Saturday, September 24, 2011

World lit versus global lit

What prompts me to a digression on the above subject is a novel I just finished reading, Seven Years (Sieben Jahre) by the Swiss writer Peter Stamm. (Michael Hofmann provides an impeccable English translation.) It has echoes of Albert Camus, absent the worldly heft that gave weight to the novels of Camus and even of Jean-Paul Sartre. Camus and Sartre, after all, had lived through a world war and French colonialism, whereas the characters in Seven Years have lived through times of plenty, until the end, when they encounter the economic downturn of 2008. But before that happens, during their architectural studies in Munich, their travels to Marseilles, the success of their business, they are plagued by existential anomie.

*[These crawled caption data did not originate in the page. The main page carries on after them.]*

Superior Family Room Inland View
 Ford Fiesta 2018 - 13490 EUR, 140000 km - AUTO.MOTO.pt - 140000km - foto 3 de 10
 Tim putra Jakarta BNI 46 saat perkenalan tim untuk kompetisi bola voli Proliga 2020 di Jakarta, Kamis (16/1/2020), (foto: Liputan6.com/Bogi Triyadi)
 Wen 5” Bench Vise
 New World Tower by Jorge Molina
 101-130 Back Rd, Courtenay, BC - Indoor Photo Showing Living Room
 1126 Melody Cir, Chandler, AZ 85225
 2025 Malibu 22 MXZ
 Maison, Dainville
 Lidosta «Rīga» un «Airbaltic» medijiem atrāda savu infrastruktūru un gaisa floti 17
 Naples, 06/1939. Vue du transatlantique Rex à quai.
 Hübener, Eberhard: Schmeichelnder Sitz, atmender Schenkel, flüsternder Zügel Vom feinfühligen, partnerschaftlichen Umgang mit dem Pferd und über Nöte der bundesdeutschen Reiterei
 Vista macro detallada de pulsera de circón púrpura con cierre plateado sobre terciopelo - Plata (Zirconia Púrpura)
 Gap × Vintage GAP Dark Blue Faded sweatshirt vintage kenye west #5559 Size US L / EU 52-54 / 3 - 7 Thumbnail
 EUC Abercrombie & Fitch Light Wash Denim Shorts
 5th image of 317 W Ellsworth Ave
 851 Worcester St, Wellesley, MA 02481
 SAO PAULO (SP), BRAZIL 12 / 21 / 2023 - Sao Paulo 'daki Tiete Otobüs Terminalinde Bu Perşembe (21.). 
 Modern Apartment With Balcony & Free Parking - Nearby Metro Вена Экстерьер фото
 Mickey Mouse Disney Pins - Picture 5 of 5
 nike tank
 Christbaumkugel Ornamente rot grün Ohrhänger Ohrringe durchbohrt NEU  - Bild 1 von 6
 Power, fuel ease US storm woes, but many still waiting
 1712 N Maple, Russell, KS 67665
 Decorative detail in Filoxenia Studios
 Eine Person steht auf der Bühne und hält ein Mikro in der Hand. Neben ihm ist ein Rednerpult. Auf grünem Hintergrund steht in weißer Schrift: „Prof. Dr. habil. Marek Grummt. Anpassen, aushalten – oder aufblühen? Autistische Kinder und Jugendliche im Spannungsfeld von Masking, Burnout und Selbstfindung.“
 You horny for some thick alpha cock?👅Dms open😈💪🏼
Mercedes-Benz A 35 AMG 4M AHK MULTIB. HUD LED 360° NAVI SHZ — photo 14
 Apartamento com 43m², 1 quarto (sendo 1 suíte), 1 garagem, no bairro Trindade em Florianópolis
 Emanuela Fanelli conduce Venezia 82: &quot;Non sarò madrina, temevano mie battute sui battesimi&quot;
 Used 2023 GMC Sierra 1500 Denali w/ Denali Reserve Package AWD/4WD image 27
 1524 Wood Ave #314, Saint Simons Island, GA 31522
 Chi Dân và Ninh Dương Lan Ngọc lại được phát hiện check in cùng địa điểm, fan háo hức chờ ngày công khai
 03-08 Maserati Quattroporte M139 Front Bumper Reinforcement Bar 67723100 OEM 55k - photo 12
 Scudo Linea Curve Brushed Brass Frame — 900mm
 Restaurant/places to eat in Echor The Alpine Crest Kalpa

The subject of Stamm's novel, as can be guessed from the title, concerns a marriage. Besides the echoes of Camus and Sartre (particularly in the pared-down narrative style), I also thought of Ingmar Bergman's Scenes from a Marriage. Again, Bergman made a movie about individuals who were rooted in a historical place and time. History -- in particular war, during which the civilized nations of the world had turned their vast arsenal of "progress" on each other -- had let people down, so to speak, and their anomie was, to an extent, understandable. (Wonderful portrait here of this state of the soul by Richard Cronborg.) The dissatisfaction felt by Mariane and Johan, with their marriage and their lives, related to the disparity between the ideals with which they had been raised and the compromises of everyday reality. The couple in Stamm's novel, Alex and Sonia, are similarly suffering from this disparity, though neither one has a deep historical consciousness. The novel takes place in contemporary time -- the fall of the Wall is mentioned -- but no one has much interest in what that fall represents, aside from the opportunity to make money in the East.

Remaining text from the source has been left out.